Роковой оберег Марины Цветаевой - Спасская Мария. Страница 34

– Тимофей Ильич, – выдавила из себя Веденеева.

– Егоров? – переспросила я, не в силах скрыть удивления.

– Егоров, – эхом откликнулась женщина. И сбивчиво пояснила: – Тимофей Ильич – мой постоянный клиент, у него подагра, и без массажа он не может обходиться. Он меня и попросил.

Представляю, как у меня вытянулось лицо. Трудно было ожидать подобной прыти от больного девяностолетнего старика. А вот поди ж ты – подбил массажистку организовать Веронике алиби. Только зачем?

– Я говорила Тимофею Ильичу, что, если копнут поглубже – все откроется, – плаксиво затянула массажистка. – Он только рукой махал – никто, говорит, не будет ничего копать. Я и согласилась.

– Много он тебе дал? – неприязненно глядя на Веденееву, протянула заместитель главврача.

– Ну, так, нормально, – смутилась женщина. – Я машину в кредит взяла, каждая копейка на счету.

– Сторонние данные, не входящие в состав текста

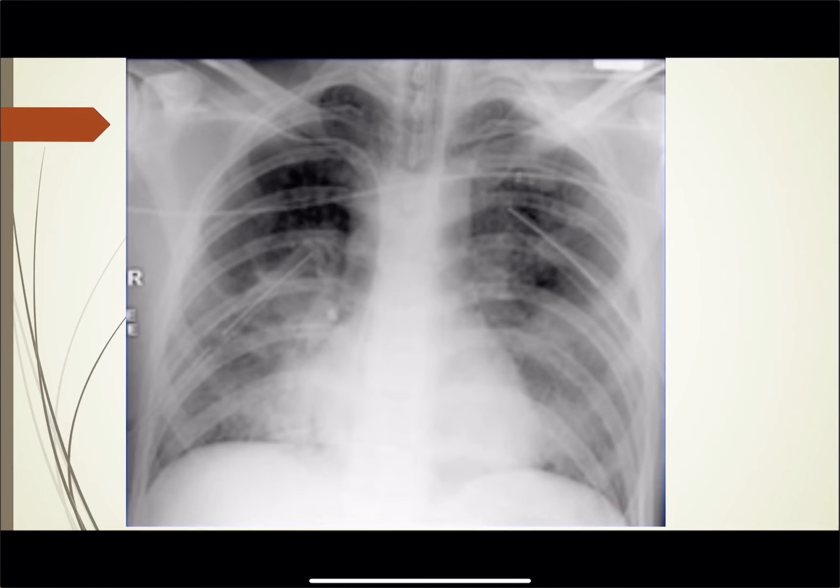Another chest x-ray — this one has a little bit more going on. Starting with the airway: you can see the trachea, but you can't see the carina anywhere. You can see the first rib, although it's kind of cut off. Looks like the second rib is coming right here, that's going to be T2. Counting down: T3, T4, T5, T6 — looks like the ET tube comes down to here, so the endotracheal tube is pretty well positioned.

– Лидия Владиславовна, – обернулась я к начальнице массажистки, – отпустите Кристину пораньше. Нужно, чтобы она повторила все следователю.

– Конечно, пусть идет, – разрешила Смирнова. – Мы тут сами без нее справимся.

В полицейском управлении свидетельница призналась в даче ложных показаний, и Валерий Львович восхищенно молвил, как только за Веденеевой закрылась дверь:

– Женя, вы удивительная девушка! Как вам удалось заставить Веденееву сказать правду?

– Я просто побеседовала с ее начальством и выяснила, была ли свидетельница в ночь убийства в городе, – пояснила я.

– Я даже предположить не мог, что Кристина врет! – повысил голос Лизяев. – У нее не было повода вводить в заблуждение следствие. А вы молодец, догадались ее проверить. Так сказать, проявили инициативу.

– Теперь ваша очередь проявить инициативу, – подхватила я, – и как следует допросить Егорова.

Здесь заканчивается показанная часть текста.